#### [Source material]
##########
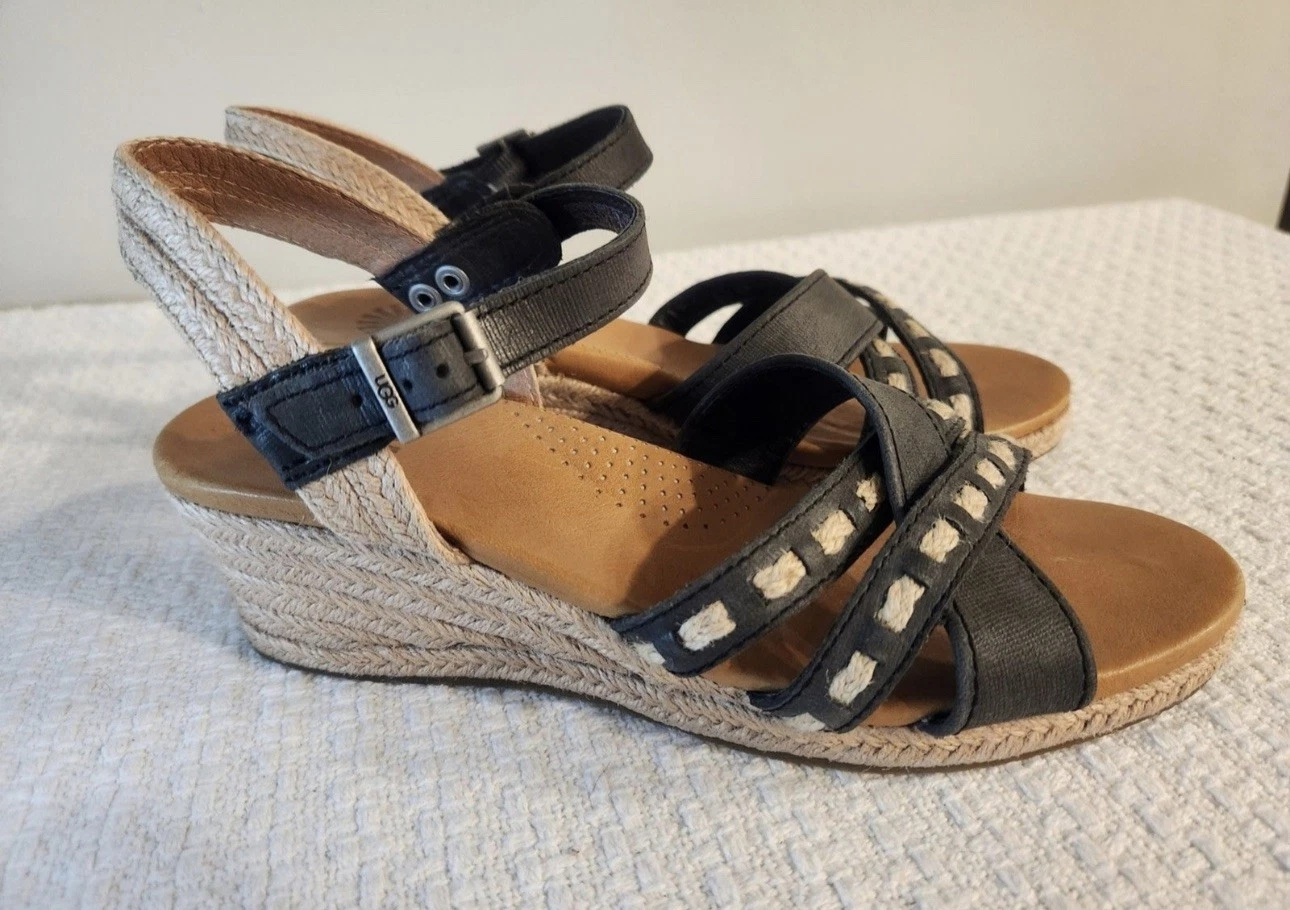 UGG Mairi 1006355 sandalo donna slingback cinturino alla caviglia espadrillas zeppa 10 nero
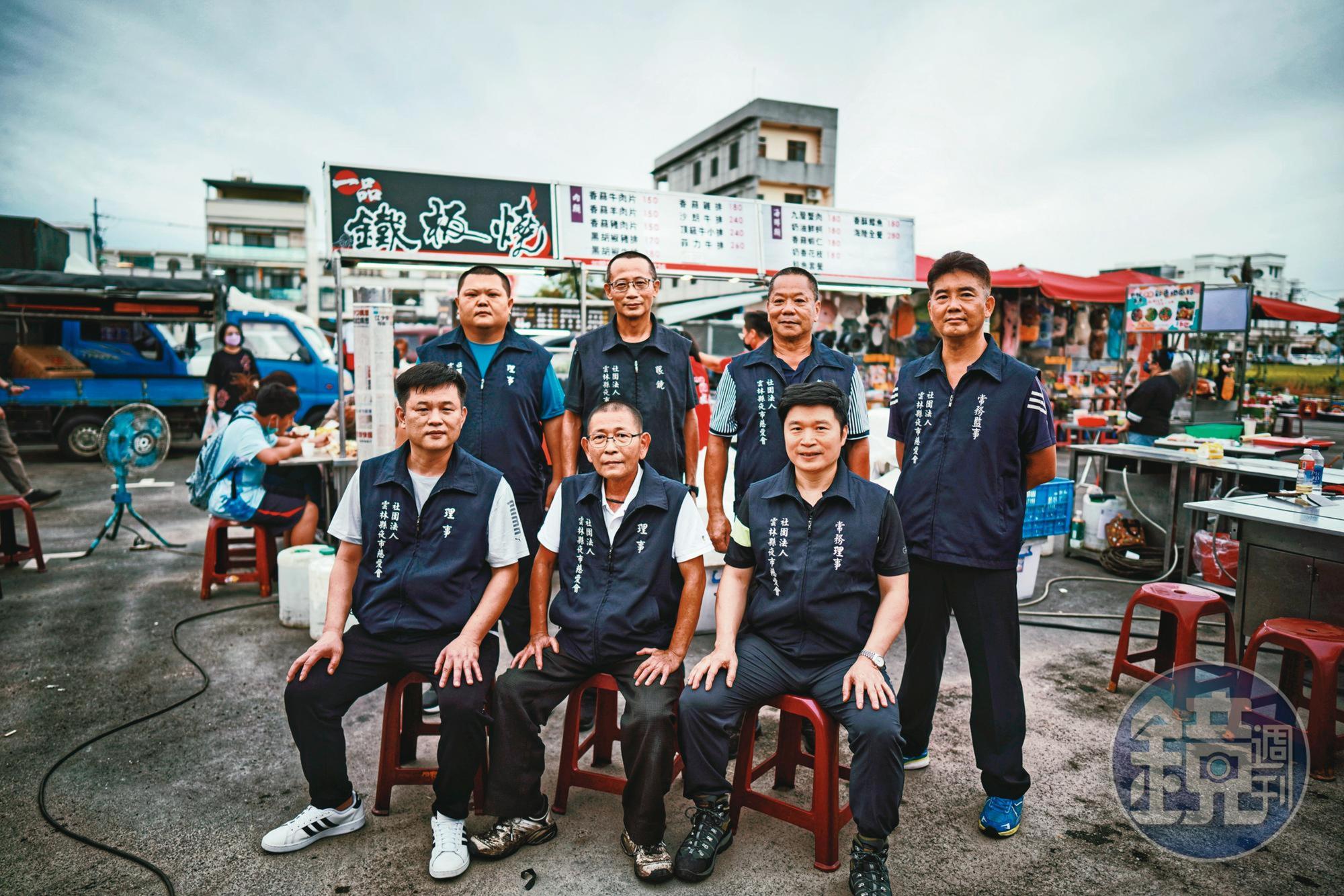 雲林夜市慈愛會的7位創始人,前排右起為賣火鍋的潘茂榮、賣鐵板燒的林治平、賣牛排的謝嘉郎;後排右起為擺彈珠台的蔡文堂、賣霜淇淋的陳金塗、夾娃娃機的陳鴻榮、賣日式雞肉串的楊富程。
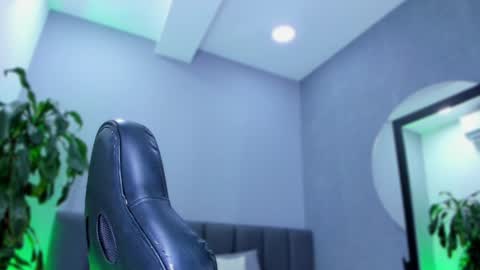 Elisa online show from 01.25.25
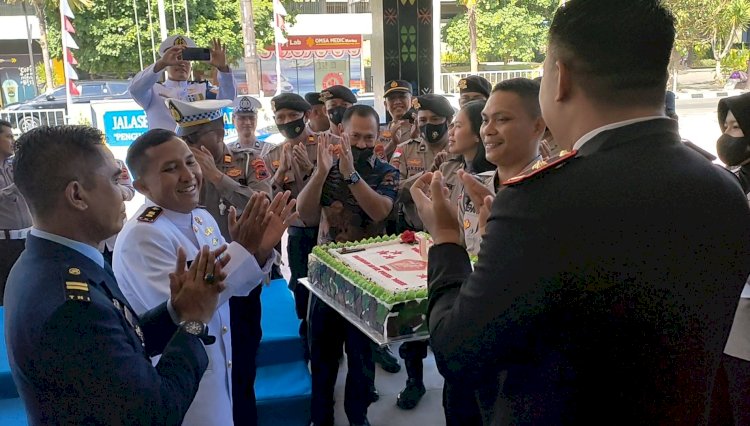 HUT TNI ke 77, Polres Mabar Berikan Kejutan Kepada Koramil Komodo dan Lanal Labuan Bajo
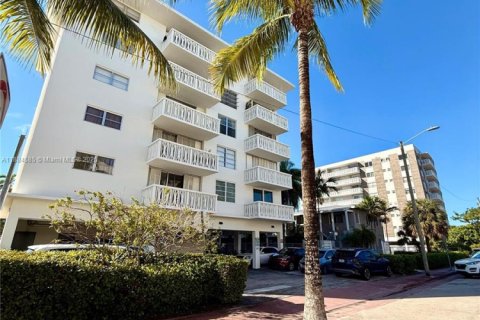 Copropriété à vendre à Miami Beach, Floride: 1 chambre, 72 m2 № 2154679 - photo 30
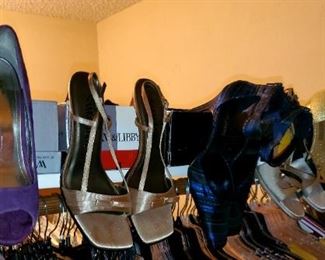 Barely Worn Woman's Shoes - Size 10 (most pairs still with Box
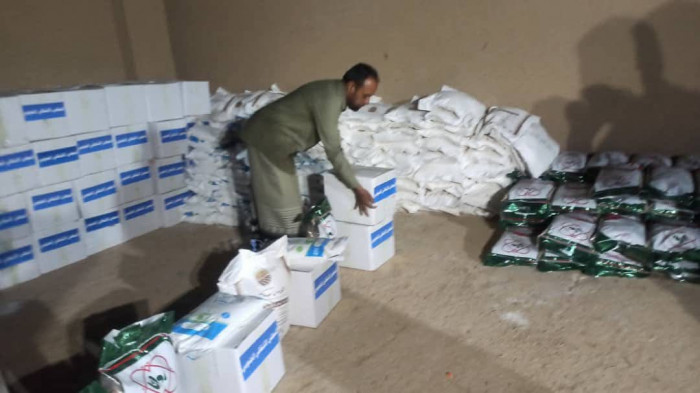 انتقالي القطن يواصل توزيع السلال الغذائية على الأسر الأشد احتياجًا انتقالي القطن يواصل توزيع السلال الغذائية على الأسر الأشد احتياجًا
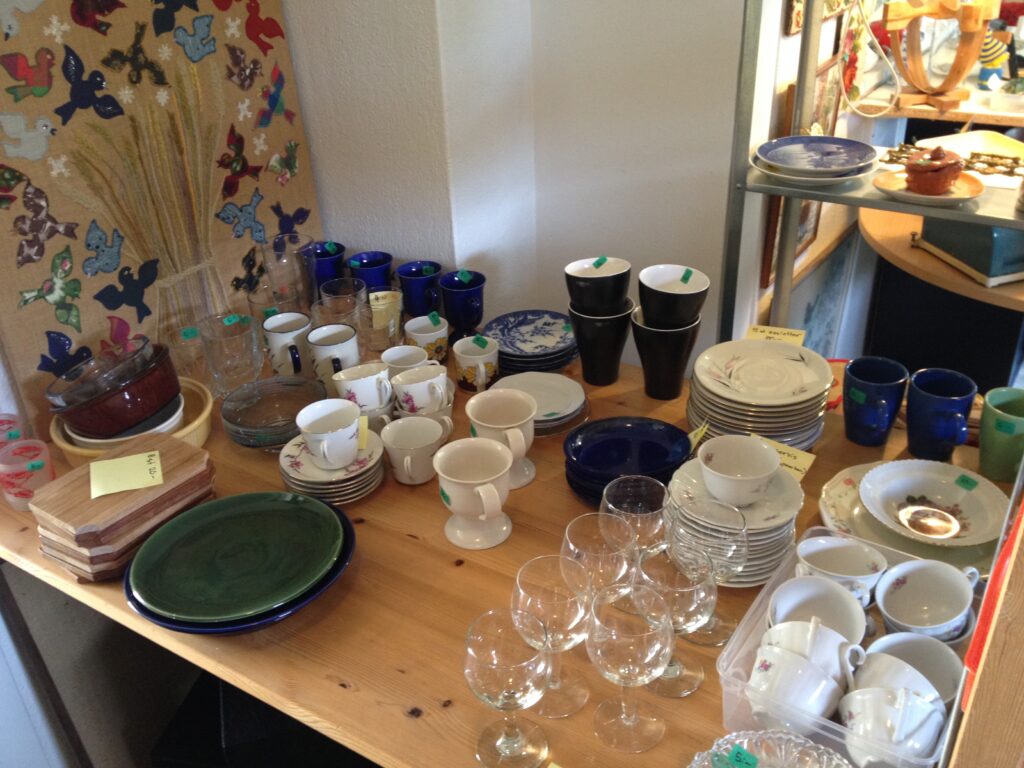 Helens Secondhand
##########
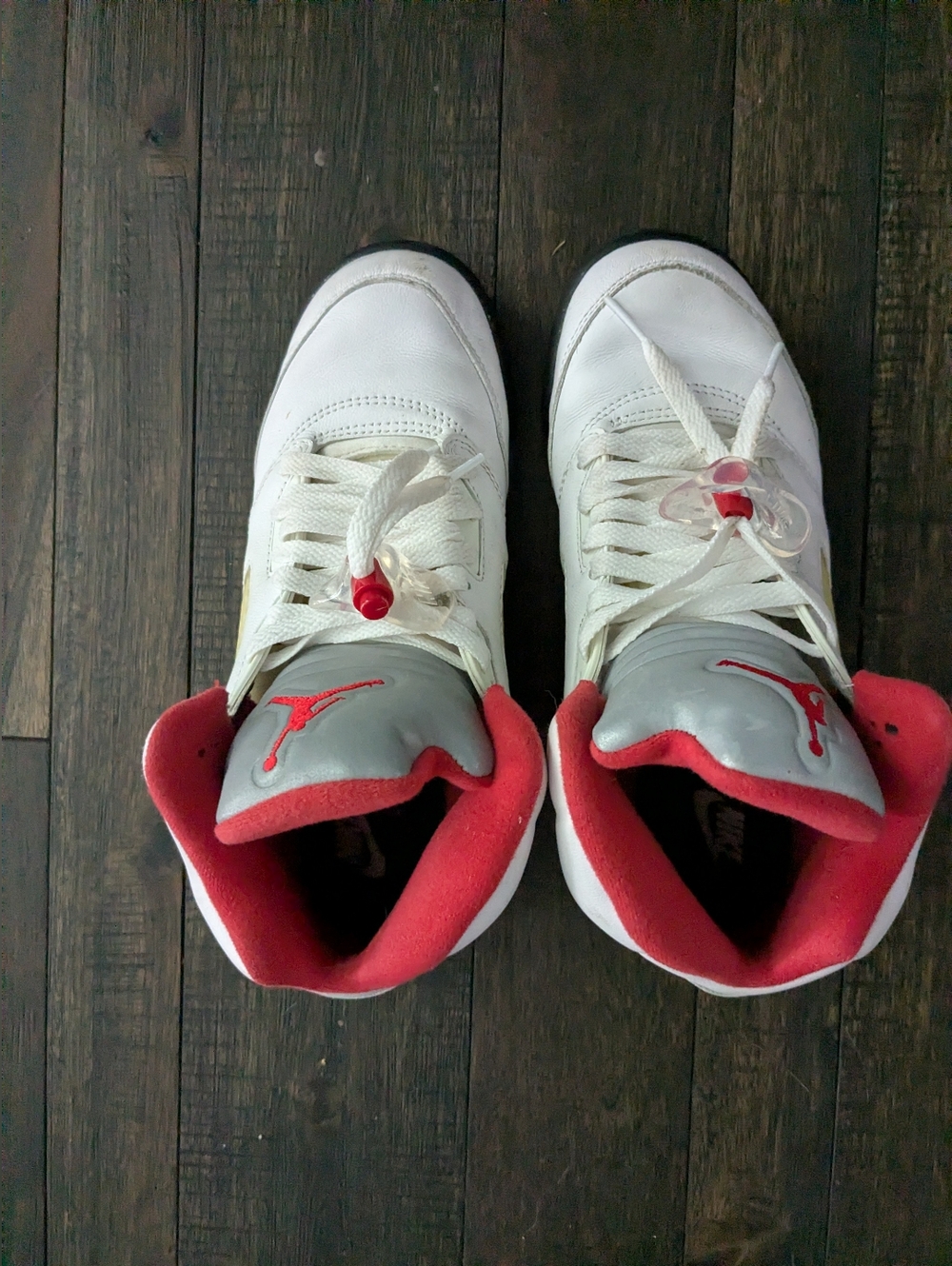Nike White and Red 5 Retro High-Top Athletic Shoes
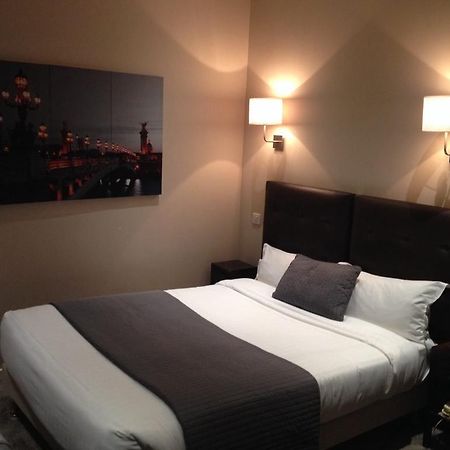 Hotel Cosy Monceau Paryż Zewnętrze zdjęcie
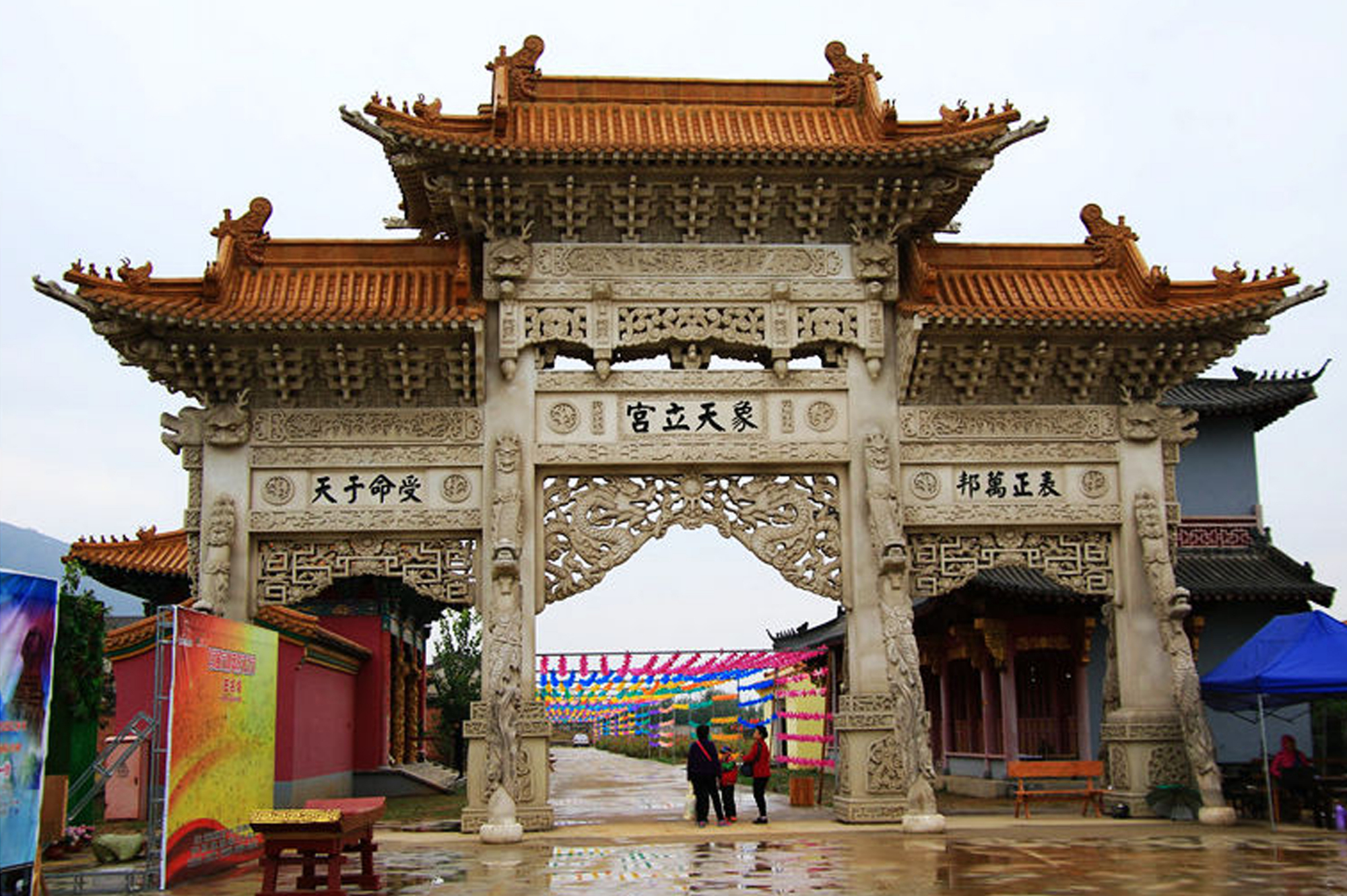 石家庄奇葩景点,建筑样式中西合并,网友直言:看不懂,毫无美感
##########
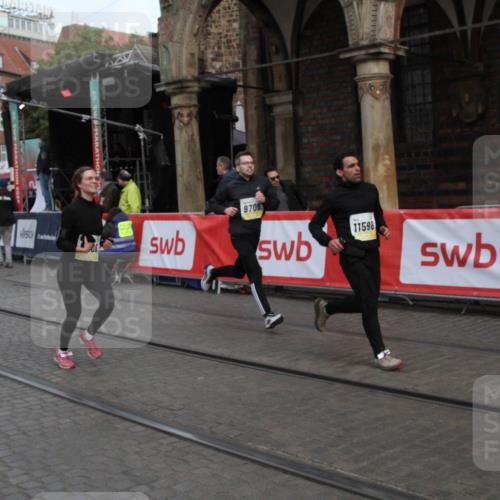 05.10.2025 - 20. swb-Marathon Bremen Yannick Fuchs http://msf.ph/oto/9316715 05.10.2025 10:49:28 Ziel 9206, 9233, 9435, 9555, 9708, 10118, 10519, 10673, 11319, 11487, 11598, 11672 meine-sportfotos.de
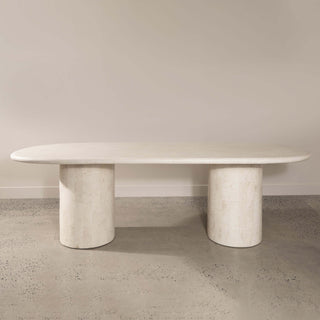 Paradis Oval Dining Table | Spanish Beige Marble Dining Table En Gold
##########
Return the lines above from the one with "Barely Worn Woman's" through the one with "Helens Secondhand", verbatim and nothing else. Omit every picture.

#### [Response area]
 Barely Worn Woman's Shoes - Size 10 (most pairs still with Box
 انتقالي القطن يواصل توزيع السلال الغذائية على الأسر الأشد احتياجًا انتقالي القطن يواصل توزيع السلال الغذائية على الأسر الأشد احتياجًا
 Helens Secondhand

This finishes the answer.